Northwestern Events Calendar

Oct
16
2025

ISITA | Unearthing "The Yemeni Sword": An Early 20th Century Sufi Polemic - Farah El-Sharif

When: Thursday, October 16, 2025
7:00 PM - 8:00 PM CT

Where: Event location TBD.,

Audience: Faculty/Staff - Student - Public - Post Docs/Docs - Graduate Students

Contact: Rebecca Shereikis   (847) 491-2598

Group: Institute for the Study of Islamic Thought in Africa (ISITA)

Category: Academic, Lectures & Meetings, Religious, Multicultural & Diversity, Global & Civic Engagement

Description:

Join the Institute for the Study of Islamic Thought in Africa (ISITA) for a talk in our Spiritual Luminaries of Islamic Africa series. 

TIME AND LOCATION TO BE DETERMINED.

Farah El-Sharif, visiting scholar at Stanford University, will discuss her research into Khadīja al-Qāriʿa bint Muhammad al-Shinqitiya (d.1948), female Saharan saint and scholar.

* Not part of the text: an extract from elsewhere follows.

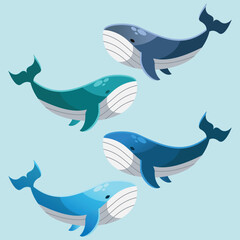 Vector illustration of kawaii cute whale characters. set of characters. Emoticon, mascot, cartoon character of whale, isolated on background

Description: In 1936, Khadīja al-Qāriʿa (“the Strikeforce”) bint Muhammad al-Shinqitiya (d.1948) dictated Al-Sayf al-Yamānī fī l-dhab ʿan Sīdī Ahmad al-Tijānī  ("The Yemeni Sword in Defense of the Sufi Master Aḥmad al-Tijāni") while passing through Kano, Nigeria. The manuscript was sent to the historic al-Babi al-Halabi publishing house in Cairo and printed shortly thereafter. The text has been deemed missing and out of circulation for the last few decades, only to be recently unearthed in an obscure Salafi bookshop Amman, Jordan by Dr. Farah El-Sharif, at the urging of Professor Zachary Wright and Fakhruddin Owaisi.  Little is known about Khadīja al-Qāriʿa, except that she was dubbed “the master (shaykha) of the West, a righteous saint, a knower of God, drowned in the ocean of love” by Nigerian Tijanī scholars that belonged to the fayda community of Shaykh Ibrāhim Niāsse (d.1975).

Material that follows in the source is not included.